IN the inaugural year of the Shanghai Contemporary Art Fair last year, fair director Lorenzo Rudolf noticed that Southeast Asia was underrepresented.

So for this year's show last week, he invited a Cambodian artist, sculptor Sopheap Pich, to participate in the exhibition's Best of Discovery show.

Working in rattan and bamboo, Sopheap Pich said his experience at the fair made him eager to participate in more exhibitions internationally.

"People were surprised to see the sign 'Cambodia' on the Best of Discovery floor," added American curator and writer Erin Gleeson, who has lived in Cambodia for six years.

"Because it's a nascent scene there is a natural void of information about current artistic practice in Cambodia. This can be good for emerging artists; it's always nice to surprise an audience."

Gleeson said that surprise was echoed in the sentiment of audiences at "Strategies from Within", an exhibition of contemporary art from Cambodia and Vietnam at Ke Centre for Contemporary Art in Shanghai that ran parallel to the commercial art fair.

Representing Cambodia were photographs by Vandy Rattana, collage by Leang Seckon and Chan Dany, sculpture by Phe Sophorn and Sopheap Pich, film by Rithy Panh, and a documentary on Sophiline Shapiro's choreography.

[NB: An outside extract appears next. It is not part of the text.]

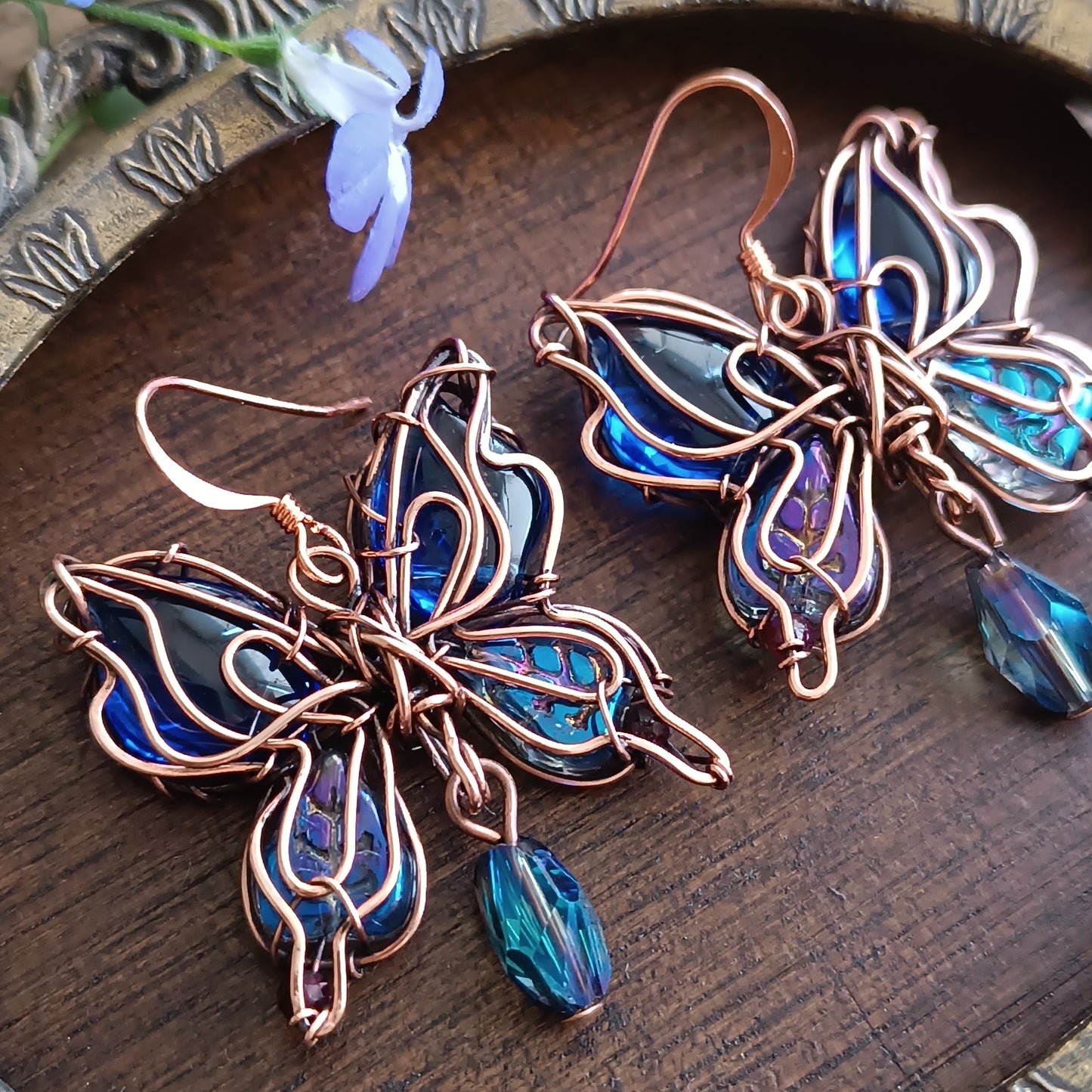 Iridescent butterfly earrings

Gleeson said, "At Ke, a Beijing-based curator said to me, 'This show is refreshing because it feels Asian.' As strange as it sounded it is a very relevant sense. So much of the work people are used to seeing coming out of Asia has very strong Western references, or more recently references to China or India. Cambodian artists have very few references outside of their direct experience of life and available materials."

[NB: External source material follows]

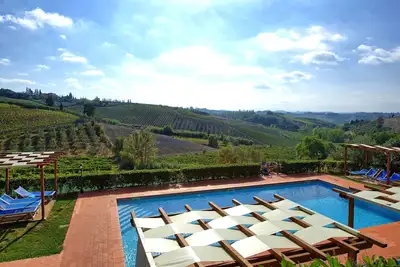 Image de Appartement avec climatisation, piscine, Wifi, Tv, vue panoramique, parking, près de San Gimignano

Sopheap Pich agreed. "The Cambodian art scene is not that sophisticated. We're not very trendy. We do more back-to-Earth sort of stuff."

The art scene needed many more active artists and galleries to begin to grow, he added.Gleeson thought that there might be as few as a dozen artists working as full-time artists in Cambodia without needing to subsidise their earnings with other work. Graduates from the Kingdom's private art schools - Phar Selapak in Battambang and Reyum Art School in Phnom Penh - made up the bulk of emerging artists.

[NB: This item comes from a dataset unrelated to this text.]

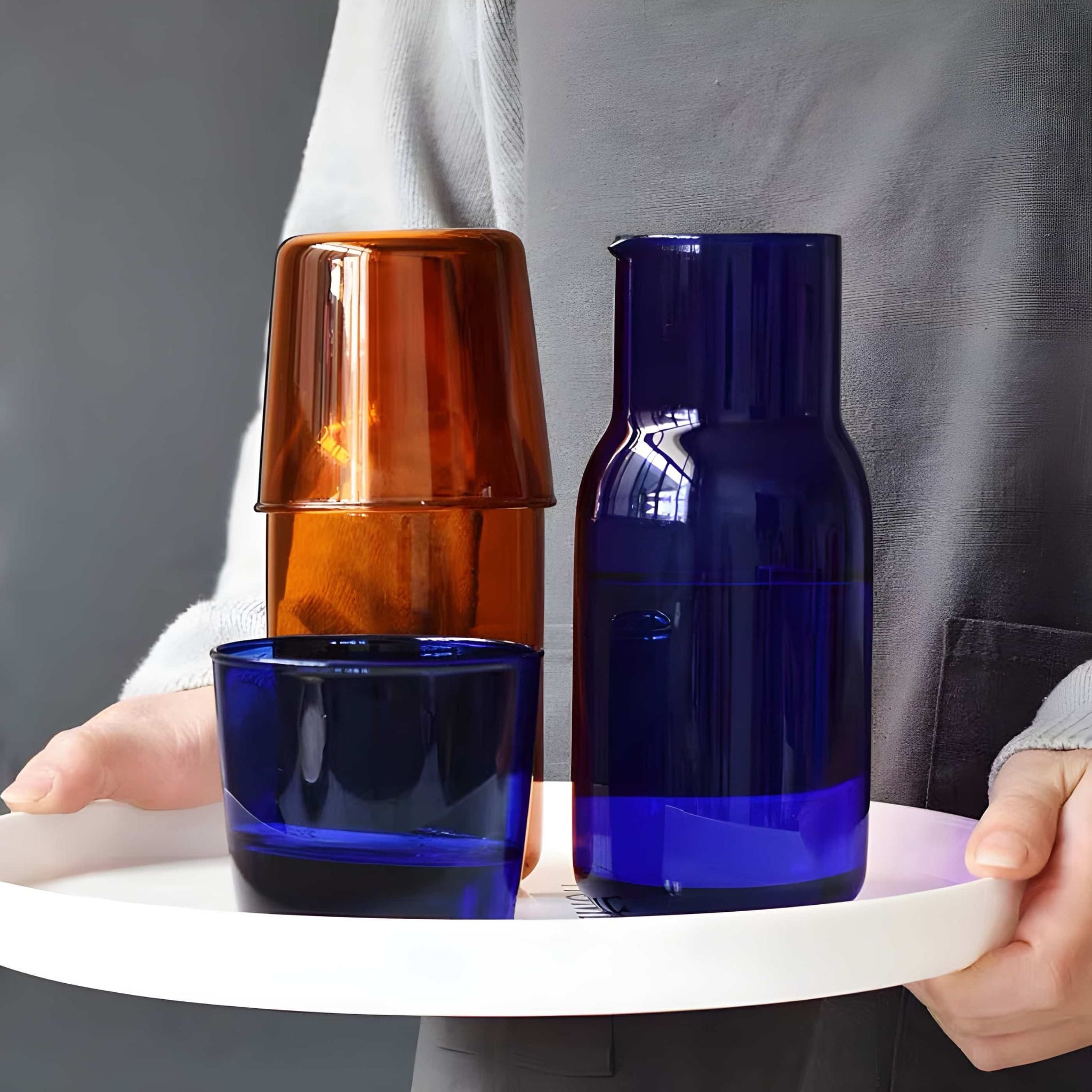 glass and carafe set group creative homewares on tray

" We're not very trendy. we do more back-to-earth sort of stuff. "

"A country of 14 million should be able to support fifty artists but it doesn't," said Gleeson. "Funding is scarce, as are collectors.

"Some of the artists are making their art in tiny, hot little rooms, with six family members crowded around thinking that they are wasting their time. Many of these young artists have never made a full body of work in part because they are invited to participate in thematic exhibitions, so they repeatedly create within others' ideas, like 'genocide', ‘Aids' or ‘Asean'. Many have not dedicated themselves to finding what it is that defines their ideas and practices."

In July, to support the creation of more mature work, Gleeson opened BASSAC, an artist-in-residence program for emerging Cambodian artists. In residence is Reyum graduate Chan Dany, who is creating an exhibition for a gallery in Hong Kong for November.